A note of caution, however. Harford argues that experimentation is only part of the solution. Organisations need to be prepared to fail, to identify failure and to respond to such failure by changing course. These are things that do not come easily to government (of course, they don't come easily to business either). In some quarters David Cameron's willingness to change his mind is already opening him to criticism (and even ridicule). Personal experience suggests that both politicians and policy makers tend to start with the working assumption that their policies are working. Contrasts the randomistas that Harford describes conducting socio-economic experiments in developing countries who justify random assignment by assuming that their intervention will have no effect. These different outlooks often make policy makers averse to proper open evaluation of their policies. Harford explains this aversion by appealing to several 'nudge type' explanations of why we struggle to learn from mistakes. Policy evaluation might not matter so much if there were other effective feedback loops in place. But the type of group incentive mechanisms that Harford describes in his book may be difficult to implement in the public sector (where outcomes may be harder to evaluate and assign to specific groups) than in the private sector. Local democracy may, unfortunately, prove a rather weak feedback mechanism (especially when strong vested interests are involved). All this suggests that the coalition government needs to give as much thought to the problem of the feedback on, and adaption to, failure as it is currently giving to the promotion of experimentation.
A few further thoughts.
For those of us that struggle with many aspects of the planning system the book highlights the key problems for those who create visionary top-down plans (rather than the kind that adapt e.g., to market signals). It also provides a great example, the 'Merton rule', which explains why some of us worry about the unintended consequences of the government's decision to go for Zero-Carbon homes (you'll have to read the book).

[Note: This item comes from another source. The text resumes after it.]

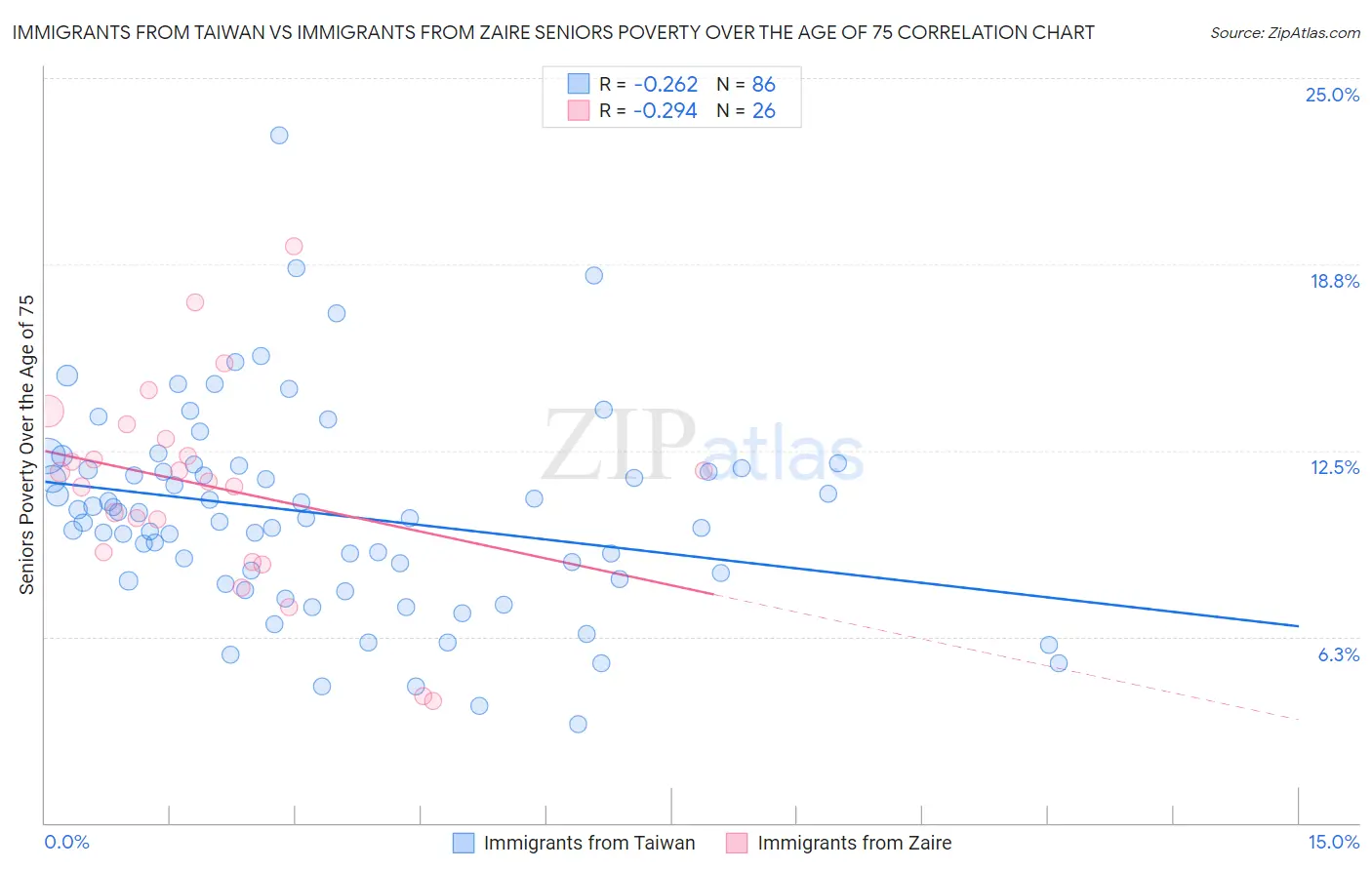 Immigrants from Taiwan vs Immigrants from Zaire Seniors Poverty Over the Age of 75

In the chapter on development, Harford considers the problems that occur when trail and error isn't enough. What if we need some kind of big push coordinating lots of changes at once? The problem is well recognised in the development literature and Harford goes for experimenting with Paul Romer's solution - 'charter cities'. I am a lot more wary - and would draw the parallel with Enterprise Zones. In short, you need to worry a lot about displacement (in the short to medium run) and whether any changes then spill over to changes elsewhere in the longer run. In the spirit of Harford's book - this is an experiment that may be worth trying - but surely on a small scale first.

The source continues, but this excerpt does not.